Medio: El Deber
Fecha de la publicación: lunes 09 de octubre de 2023
Categoría: Organizaciones Políticas
Subcategoría: Asambleas, cabildos y congresos
Dirección Web: Visitar Sitio Web
Lead
Contenido
Rolando Tellería A.
En una columna anterior había afirmado que el Congreso de Lauca Ñ se iba a constituir en un punto de inflexión y el inicio de una nueva historia, en la división y los conflictos al interior del Movimiento al Socialismo (MAS), en tanto partido e instrumento político.
En efecto, luego de su finalización, el MAS quedo formalmente “partido” en dos facciones. Dos grupos: los del ala “radical”, a la cabeza del caudillo y los “renovadores” flanqueados por Arce Catacora. Para algunos, de cara a las elecciones del 2025, en esta lucha que “oficialmente” se inicia, la disputa será visceral y aguda.

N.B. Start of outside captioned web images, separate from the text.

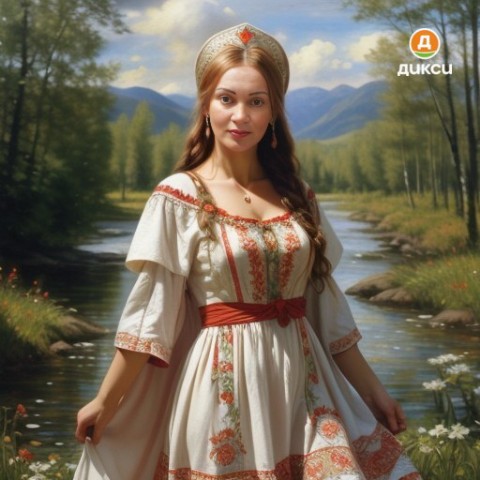 belena.volna в LOOKY. #Василиса_Прекрасная,#LOOKY_нейронка. #Василиса_Прекрасная...
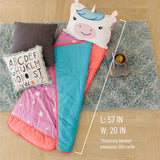 Wild Bunch Unicorn Plush Nap Mat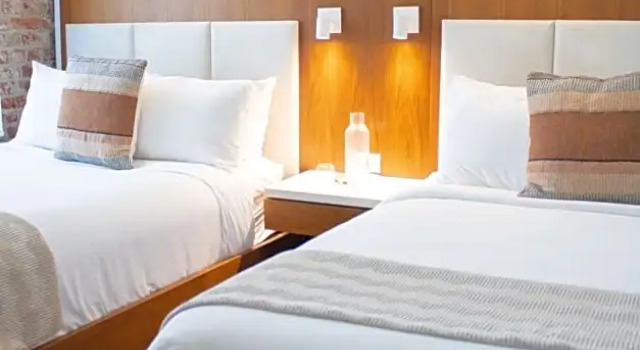 Четырёхместный номер Economy Riviera Beach House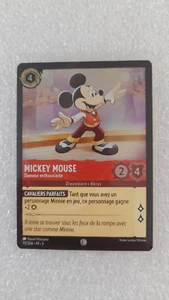 FOIL 112/204 Mickey Mouse Enthusiastischer Tänzer Lorcana FR Common Kap 1 - Bild 1 von 2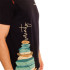 T-shirt Trangoworld Homme Caviar Tolarp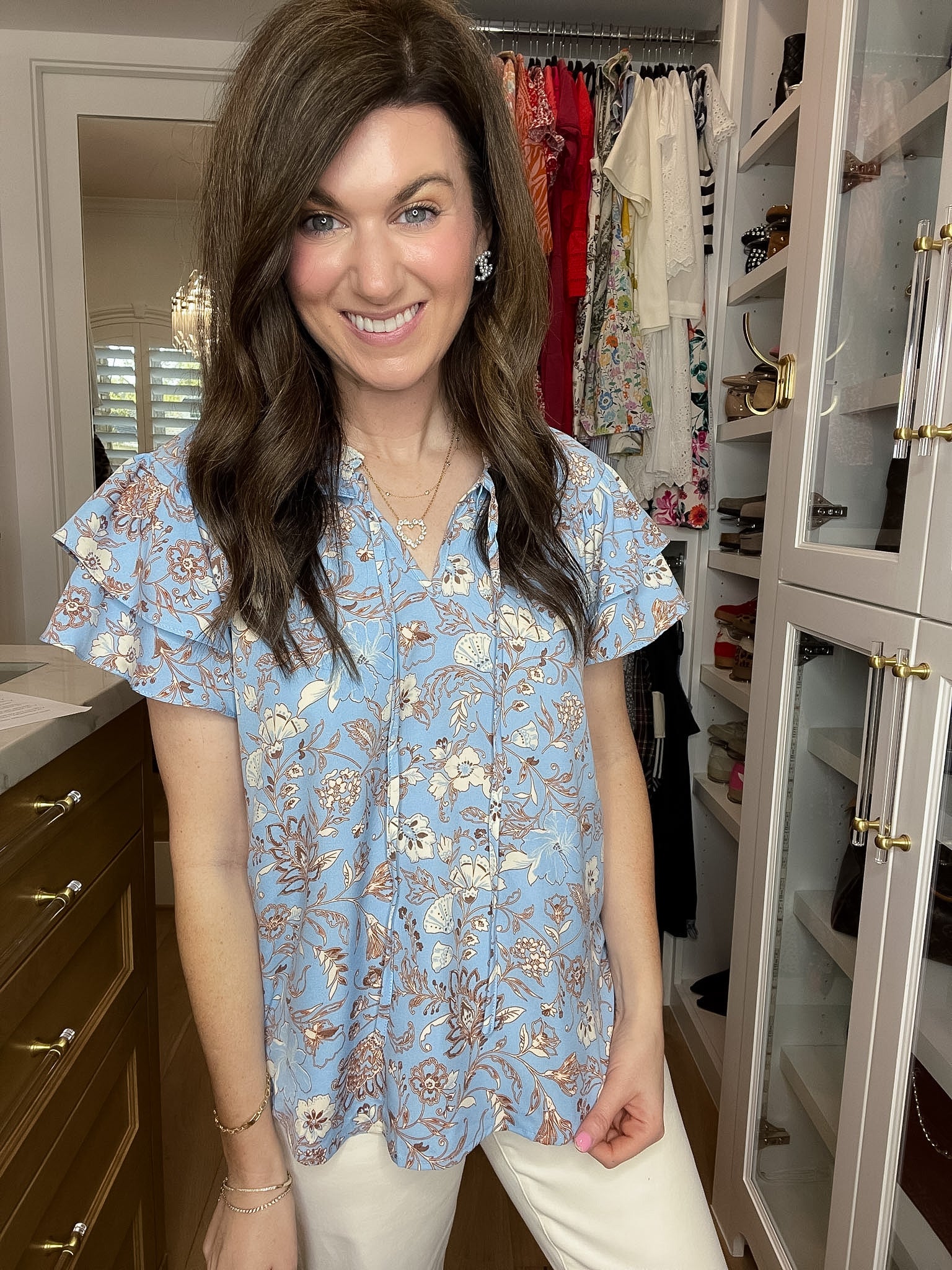 Haven Floral Top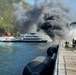Coast Guard assists with cruise ship pier fire response, investigation in Whittier, Alaska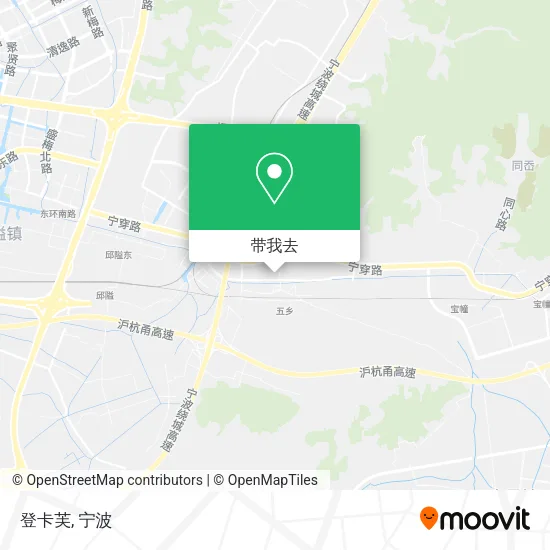 登卡芙地图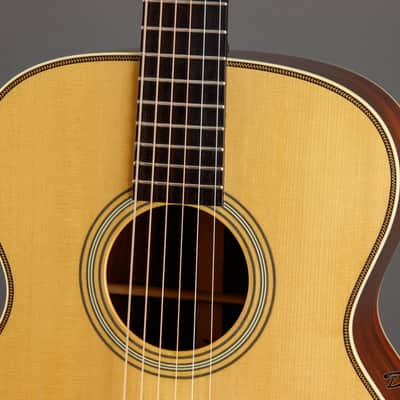 2008 Borges OM-28, Brazilian Rosewood/Adirondack Spruce image 17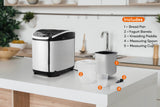NNEKG Stainless Steel Bread Maker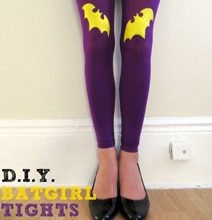 DIY Batgirl Tights: Show The World Your Superhero Style DIY Batgirl Tights: Show The World Your Superhero Style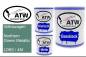 Preview: Volkswagen, Northern Green Metallic, LD6S / 4M: 1L Lackdose + 1L Klarlack + 500ml Härter - Set, von ATW Autoteile West.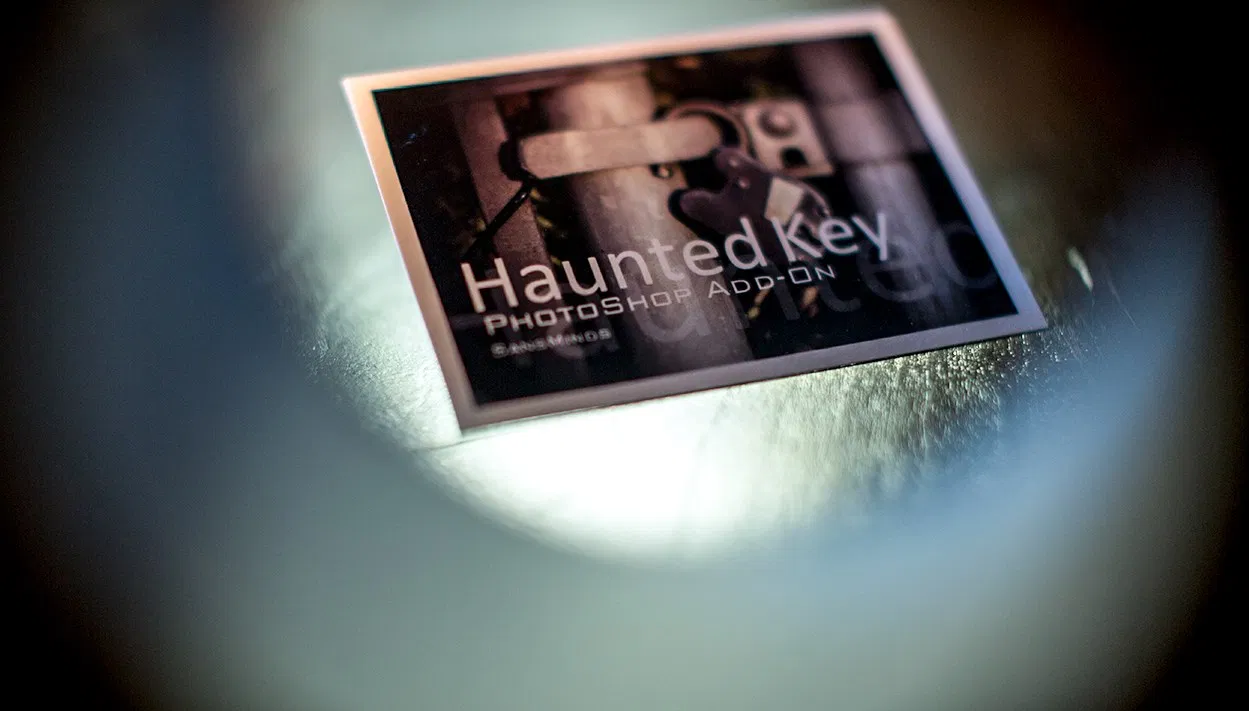 Photoshop - Haunted Key Add On - image 2
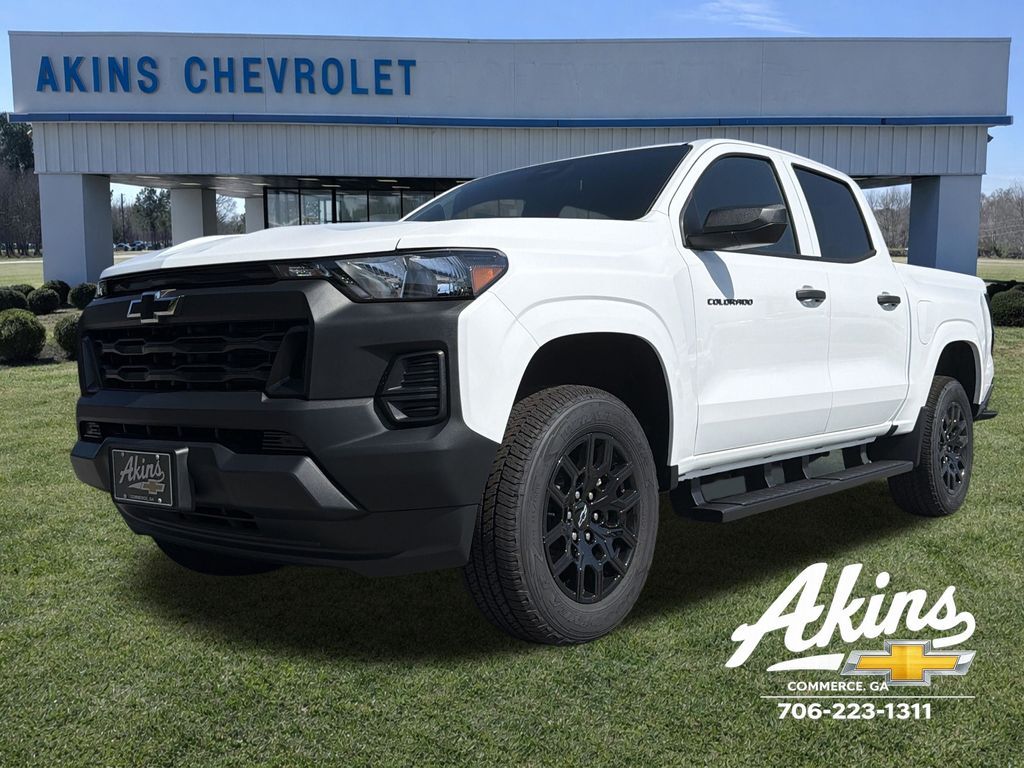 2026 Chevrolet Colorado Work Truck Commerce GA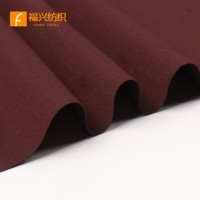 Tissu de costume extensible 4 directions, tissé, mélange 69% polyester, 19% rayonne, 12% élasthanne, 225 g/m², rouge, pour hommes et garçons, fabriqué en usine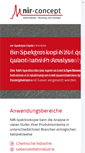Mobile Screenshot of nir-concept.de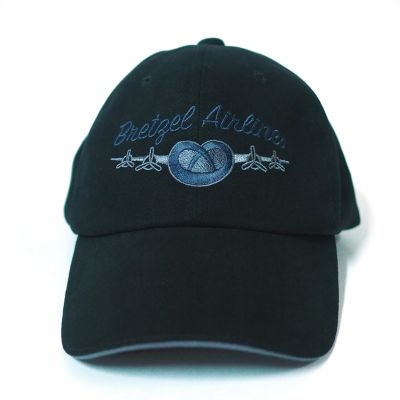 CASQUETTE - Brodée Blason - noir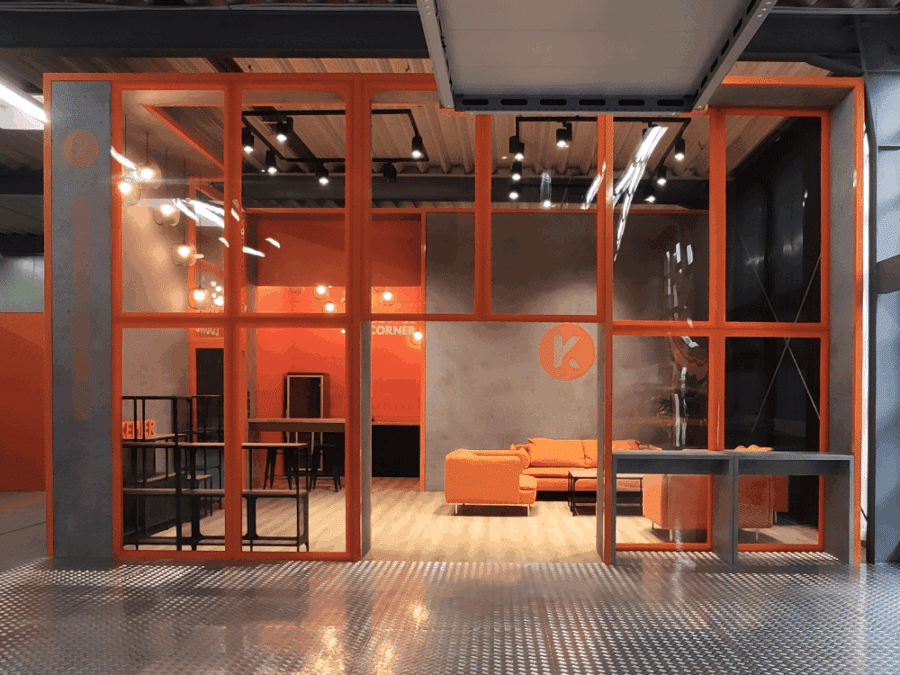 Zrealizowany projekt wnętrza Kemper showroom 5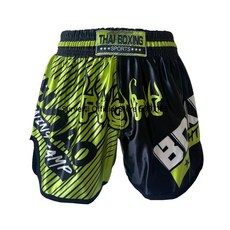 태국 복싱 반바지 신축성 무에타이 경량 킥복싱 그래플링 케이지 파이팅 팬츠, 1개, 17. ZA1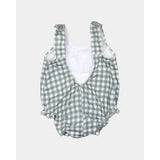 Traje de Baño para Bebé Enterizo Caqui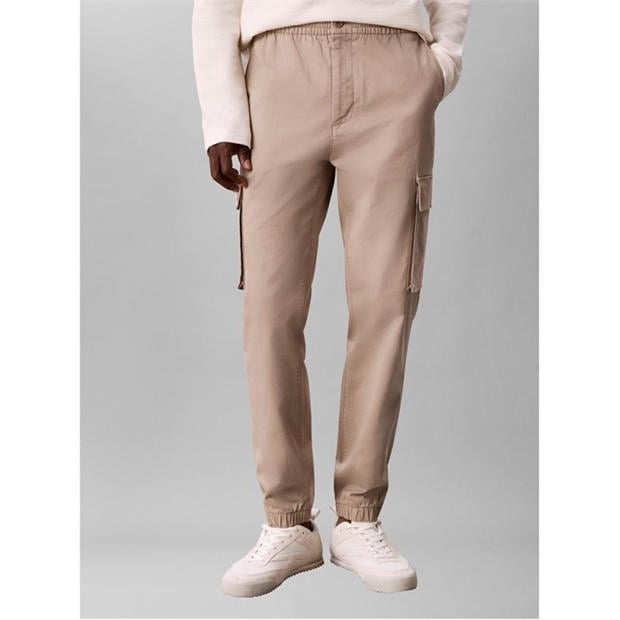 Vintage Khaki - Calvin Klein Jeans - SKINNY CARGO TROUSER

Dos ámbitos cobraran fundamental importancia. La “querella” por la sigla y la disputa por el control de las organizaciones matrices, fundadoras del instrumento político. Entre ellas, fundamentalmente, la Confederación Sindical Única de Trabajadores Campesinos de Bolivia (CSUTCB), la Confederación Sindical de Comunidades Interculturales de Bolivia (Cscib) y la Confederación Nacional de Mujeres Campesinas Indígenas Originarias de Bolivia “Bartolina Sisa”.
Pero, veamos, en ese sentido, cuáles son las capacidades y los recursos de poder de cada grupo.
La facción radical, en el “cuestionado” congreso”, ratificó a Morales como presidente del MAS- IPSP y se lo proclamo como “candidato único” de la sigla para el 2025. Tal como lo tenían, “a pie de juntillas”, planificado. Se puso de manifiesto que la sigla MAS – IPSP es propiedad de Morales. El es el único dueño. Por lo tanto, es el líder “for ever”. En las decisiones de este Congreso, legitimas, según ellos, habrían participado los “representantes” de todas las organizaciones matrices del instrumento político. Más adelante, como se observa, la disputa será en torno a quien está con las organizaciones genuinas.
A su vez, la facción “arcista”, si bien está dando dura batalla en la querella por la sigla en el Tribunal Supremo Electoral y el Tribunal Constitucional Plurinacional -donde, al parecer, todavía hay resabios “evistas”-; se ha concentrado más en el control de las genuinas “organizaciones sociales”. Donde, en términos de poder, la CSUTCB es la más gravitante. Dicho sea de paso, tiene, en su constelación de sindicatos, más de cuatro millones de afiliados, es decir casi el 54% del padrón electoral.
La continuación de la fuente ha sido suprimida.